> **About this exercise**:
Repeat all the lines below exactly, but omit the pictures.

> **Data excerpt**:

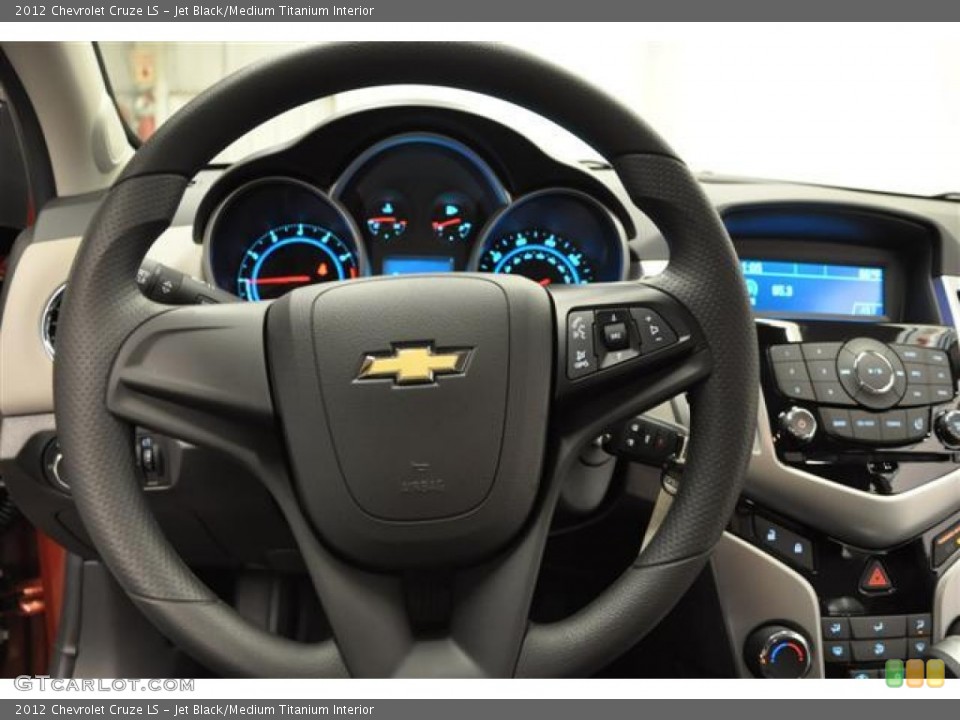 Jet Black/Medium Titanium Interior Steering Wheel for the 2012 Chevrolet Cruze LS #67718483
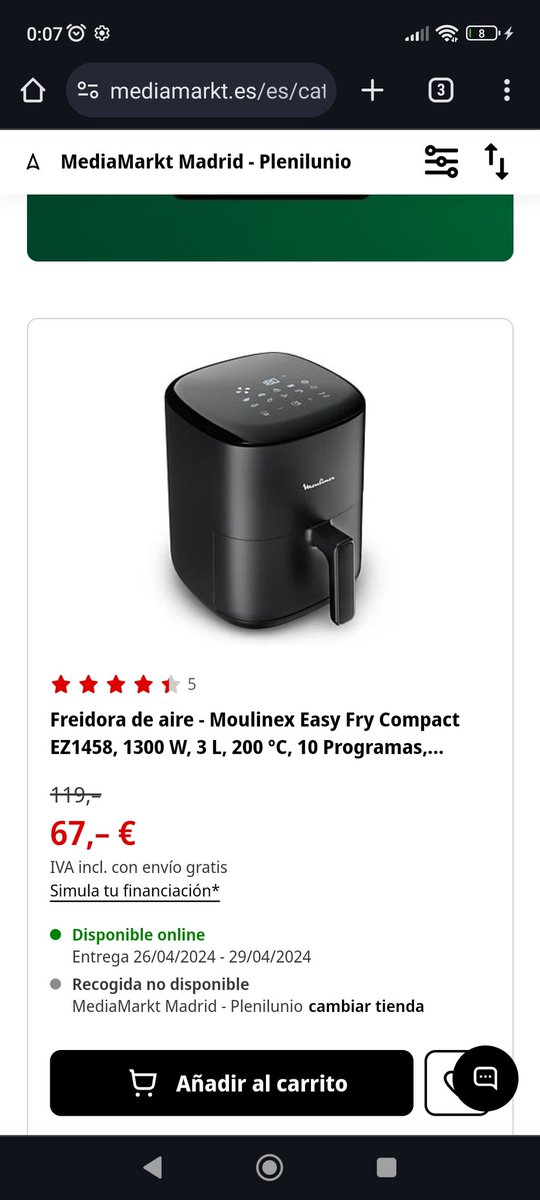 Jabeerito's tweet photo. @RubenSanchezTW  Hoy,  de nuevo un precio "anterior" inventado: @MediaMarkt_es Sinvergüenzas. https://t.co/wTRh3yDpP6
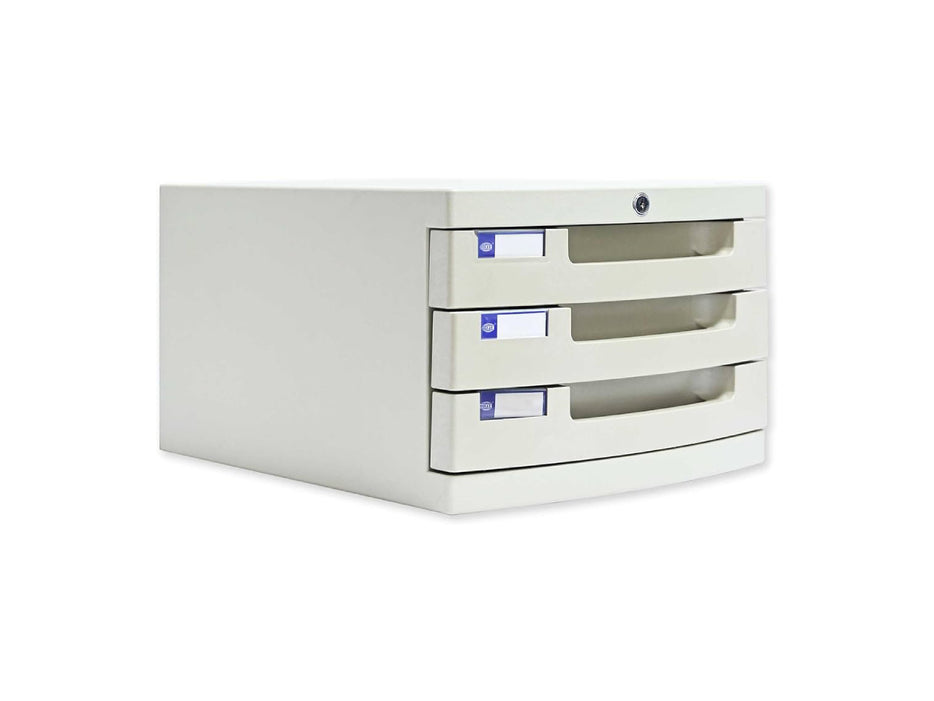 FIS Drawer Plastic Cabinet with Lock in Front Grey, FSOTUS-32K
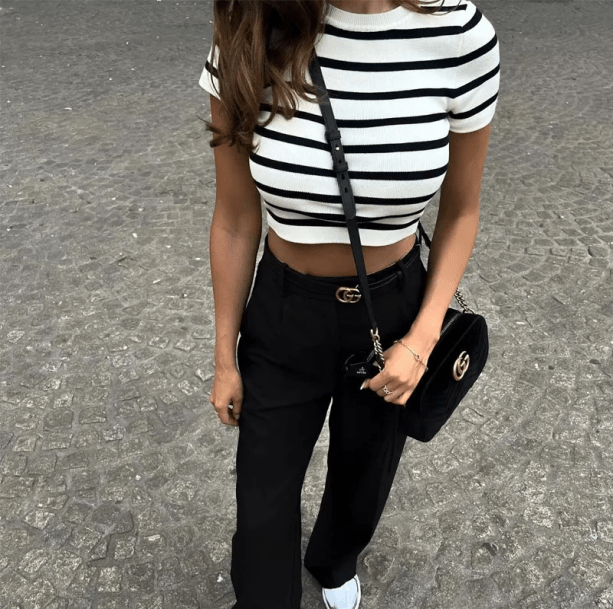 Nautical Crop Top - All Things Rainbow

> **Answer for the task**:
 Jet Black/Medium Titanium Interior Steering Wheel for the 2012 Chevrolet Cruze LS #67718483
 Jabeerito's tweet photo. @RubenSanchezTW  Hoy,  de nuevo un precio "anterior" inventado: @MediaMarkt_es Sinvergüenzas. https://t.co/wTRh3yDpP6
 FIS Drawer Plastic Cabinet with Lock in Front Grey, FSOTUS-32K
 Nautical Crop Top - All Things Rainbow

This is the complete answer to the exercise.